Mit dieser Aktion informiert die im Februar gegründete Greenpeace-Gruppe Neumarkt zum ersten Mal die Neumarkter Bevölkerung. „Wir suchen noch Verstärkung und freuen uns auf Menschen, die Lust haben, sich im Umweltschutz bei einer internationalen Organisation zu engagieren“, so Sabine Wächter. „Wir freuen uns, dass es uns gelungen ist, in Neumarkt eine Greenpeace-Gruppe zu gründen“, erklärt Philipp Dirksen, Koordinator der Greenpeace-Gruppe Regensburg. „Wir werden die junge Gruppe in den ersten Monaten begleiten und helfen, wo es geht“, so Dirksen weiter.

In 90 deutschen Greenpeace-Gruppen unterstützen rund 2.500 Menschen die Ziele der Umweltschutzorganisation.
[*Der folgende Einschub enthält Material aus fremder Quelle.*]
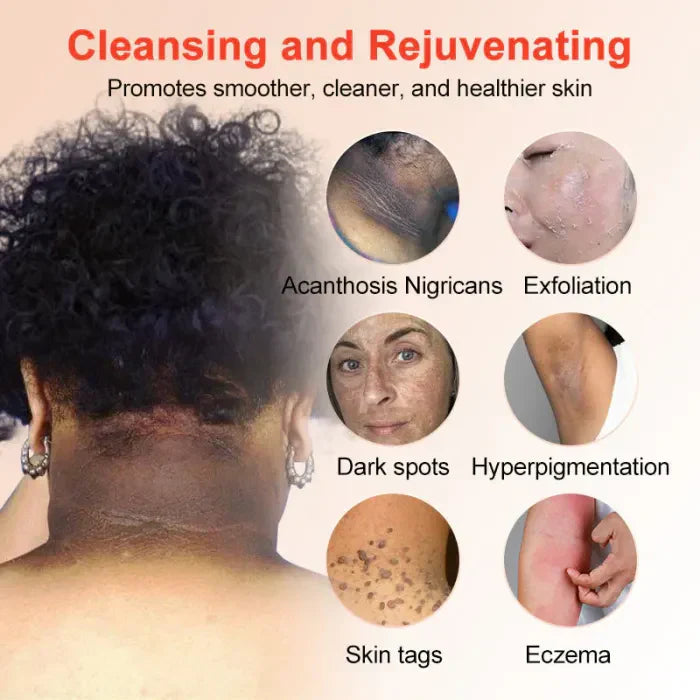 🔥Orange Enzyme Exfoliating Gel — The Gentle Miracle Your Skin Has Been Crying Out For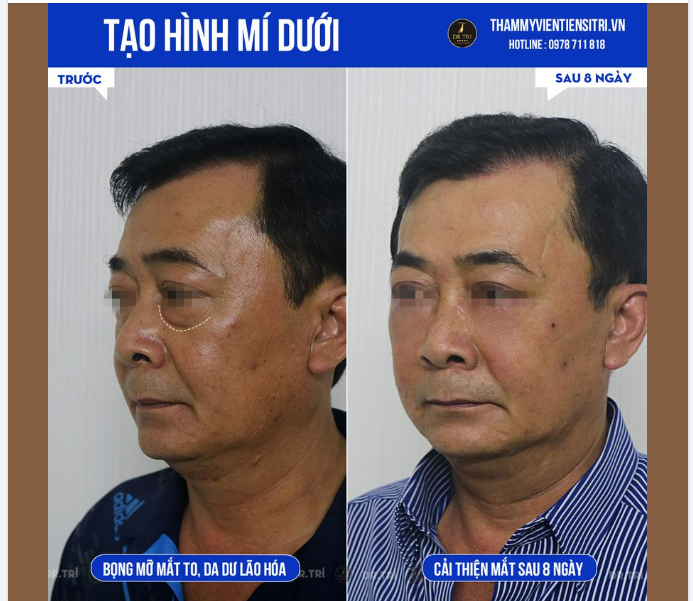 QUÊN ĐI BỌNG MỠ NHỜTạo hình mí dưới
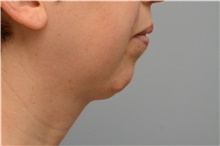 Chin Augmentation Before Photo by Carlos Rivera-Serrano, MD; Bay Harbour Islands, FL - Case 43672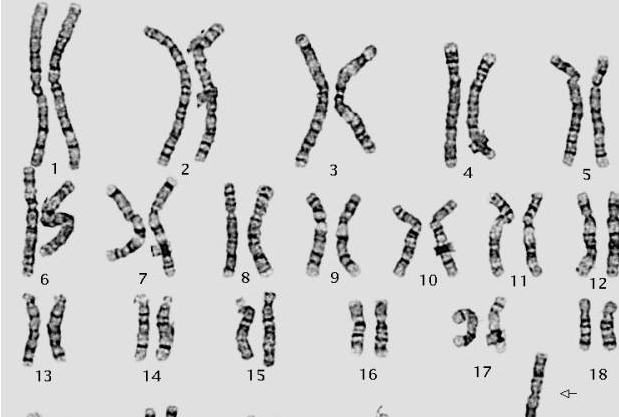2号染色体异常不能自然受孕生孩子可以用3代试管技术来解决吗？
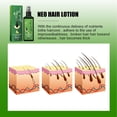 thumbnail image 5 of Sérum en aerosol para pérdida de cabello, adelgazamiento y crecimiento del cabello, 100 ml x 2, 5 of 5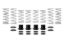 Picture of Eibach Coil Spring Set - E85-209-005-02-22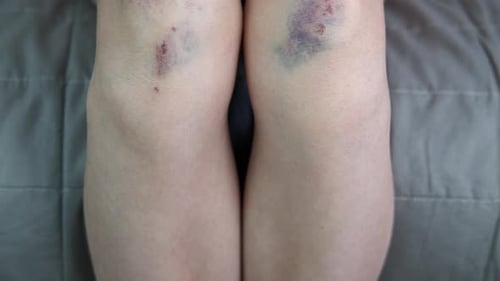 Violence familiale et infantile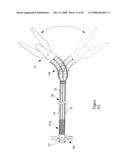 Surgical Instrument diagram and image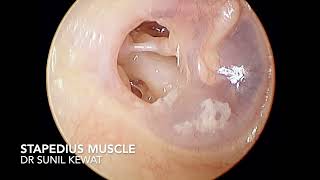 Glimpses of Stapedius Muscle and Stapes Bone  Otoendoscopy  Dr Sunil Kewat [upl. by Llenrahc]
Dabei halten sich alle an die Grundprinzipien Gewaltfreiheit, Internationalität, Überparteilichkeit sowie finanzielle und politische Unabhängigkeit. Greenpeace-Gruppen in Bayern befinden sich derzeit außerdem in den Städten Ansbach, Augsburg, Coburg, Freilassing, Ingolstadt, Kronach, München, Nürnberg, Passau, Regensburg, Rosenheim, Schweinfurt, Traunstein, Weiden und Würzburg.